Don't mention the B word!
azahar Posted Apr 10, 2005
Almost spewed coffee all over my keyboard laughing at your 'drag queen trapped inside a woman's body' comment.
Noggin says it's okay to use his words but he'd like to send you a bit more 'material' this morning if you can wait a bit - just so you have more stuff to choose from. Good thing you mentioned it here as he doesn't check his email very often so he didn't know you had asked him about using the text.
I don't know if the 'stardrops' were glass or crystal or what - they were drop-shaped and the 'string' going up seemed to be an extension of the 'drop', not something attached. They were quite stunning and the photos don't really do them justice, but oh well.
So, got a photo of the 'new you'?
az
ps
thanks for the compliment, btw, though I think I look extra-hugely-fat in those photos, especially next to Mr Pokey-shoulders
Don't mention the B word!
Mother of God, Empress of the Universe Posted Apr 10, 2005
My lovely plans for this morning were subverted by Gloom and Doom. Had to continue working on the editing/translating of Spanglish for a friend, and the section I worked on was all about the Christian prophesies reagrding God's punishment that'll soon smite the earth with annihilation. Made me remember *why* I turned my back on God of the Bible when I was 8 years old, and makes me wish MoG could get her hands on the lad and give him a good ass-whupping.
THE END IS NIGH! REPENT YE SINNERS! And, if not, have a , cultivate your garden, and be happy 'cause we're all gonna die anyway, and we each have an equal opportunity to make our lives beautiful while we have the chance.
I got the follow-up email, will reply once my brain works properly again (DOOM DOOM DOOM)(some Depeche Mode and Tainted Love ought to wipe that sordid beat from my soul). Meanwhile, I *still* think the first installment was the essence, so I'm off to paint now.
Many, many thanks to both of you for your inspiration in this thing!
Mention the B Word all you like!
azahar Posted Apr 13, 2005
Because I have finally started riding it! As well as doing arm work with small weights. It's a start . . .
Now, what about the D word? eh? eh?
az
Mention the B Word all you like!
Mother of God, Empress of the Universe Posted Apr 13, 2005
I'm so glad you've started, az!

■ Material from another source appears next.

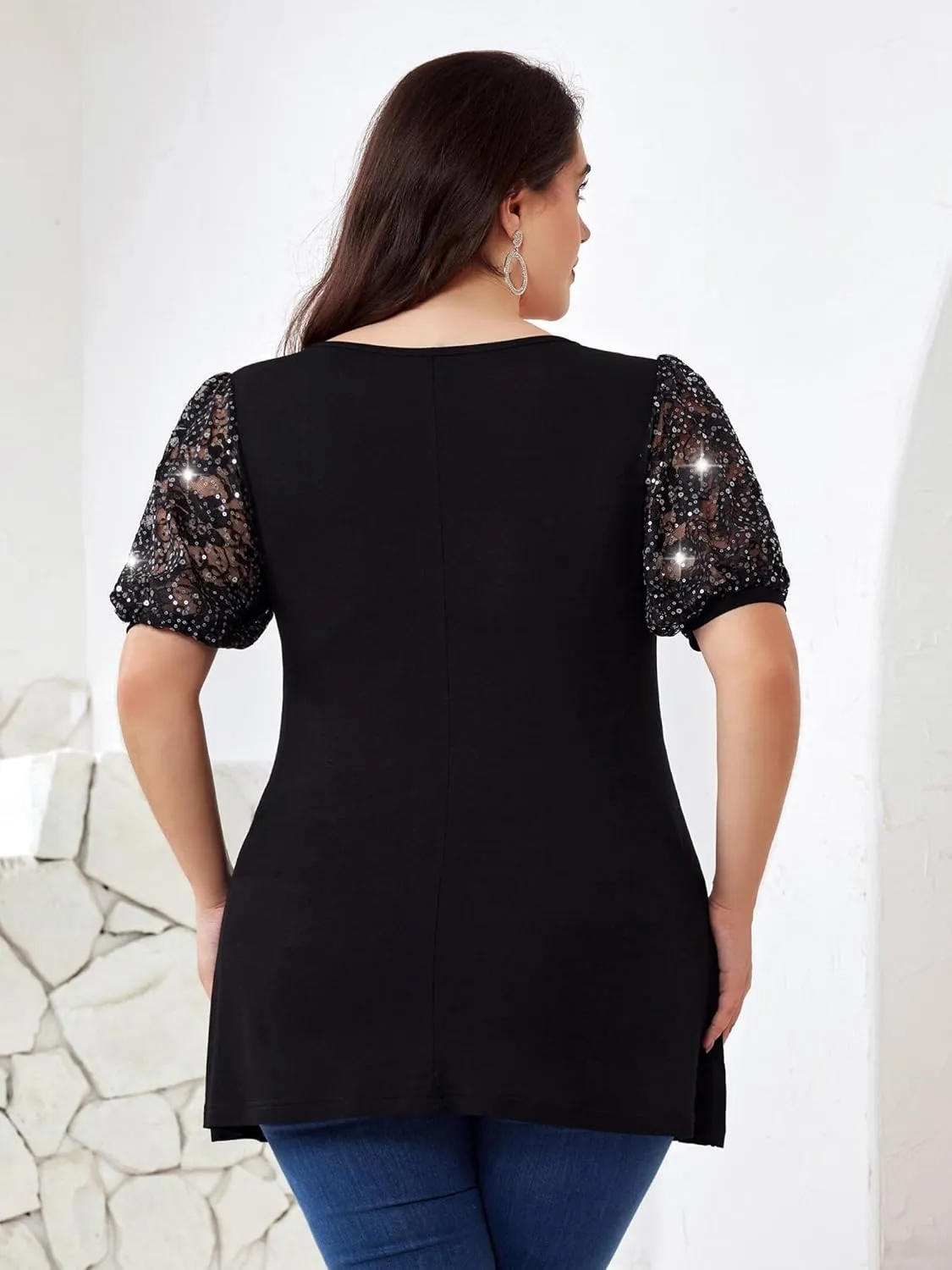 Sequins Plus Size Tops for Women Elegant Shirt Lace Half Sleeve Tunic Gowns Evening Cocktail Blouse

Isn't it a great feeling to actually *do* something you've been meaning to, especially when you *know* it's to get something you want. Are you feeling svelter yet?
I just read through the whooooole backlog on 'the Pope ain't dead yet' thread while I did my manicure. wowza. Must admit, I finally got a 'feeling' for why y'all persist in pointing out consistently, blatantly stupid and erroneous thinking in some quarters. Some of the tripe in there got *me* hot under the collar, and that doesn't happen too often nowadays.
Finally finished sorting the paperwork for my taxes. This year I totally ignored it all til the bitter end (must be filed on Friday) because I'm soooo pissed at the abuse of tax dollars, and the disgusting uses the current regime is prioritizing chopping away at the valuable stuff for. *sigh* Tonight I'll find out exactly how much I owe the barstids. Naturally, I've never *liked* paying taxes, but I've always felt that at least *some* good comes from it. Now I feel almost guilty for being willing to pay, when so much of everything is going towards making the world a more brutal place. Hope my head doesn't quite explode when I learn my share, because every dollar I send 'em is going to feel like I'm buying another bullet to put in somebody's heart.
The painting is almost finished now. Could have completed it today, but I was grumpy and out-of-sorts between taxes and being still pissed off at God. That makes sense, doesn't it? I did the bare minimum of necessary things and spent the rest of the day reading. Even the weather is grumpy--windy, semi-overcast with a weird, thin light, and the air smells like fresh-poured asphalt. Tomorrow will be a finer day.
Let's be happy and celebrate the re-opening of the B section of the alphabet for a while, and move very gently and cautiously forward sometime in the nebulous future.
I love to ride my BICYCLE!
azahar Posted Apr 14, 2005
Nah, not feeling any svelter yet, but it does feel good to have made a start. Am also practicing Pilates posture when I'm walking around in the streets - amazing how maintaining the posture and breathing whilst walking turns it into a 'workout' in itself.
Re: 'the Pope ain't dead yet' thread - glad you finally got it. I don't actually get angry, though I do feel a need to point out the obvious inconsistancies, outright nonsense posted as fact, and whatnot.
Instead of getting hot under the collar I prefer to remember the immortal words of Ivana - don't get mad, dahling, get even!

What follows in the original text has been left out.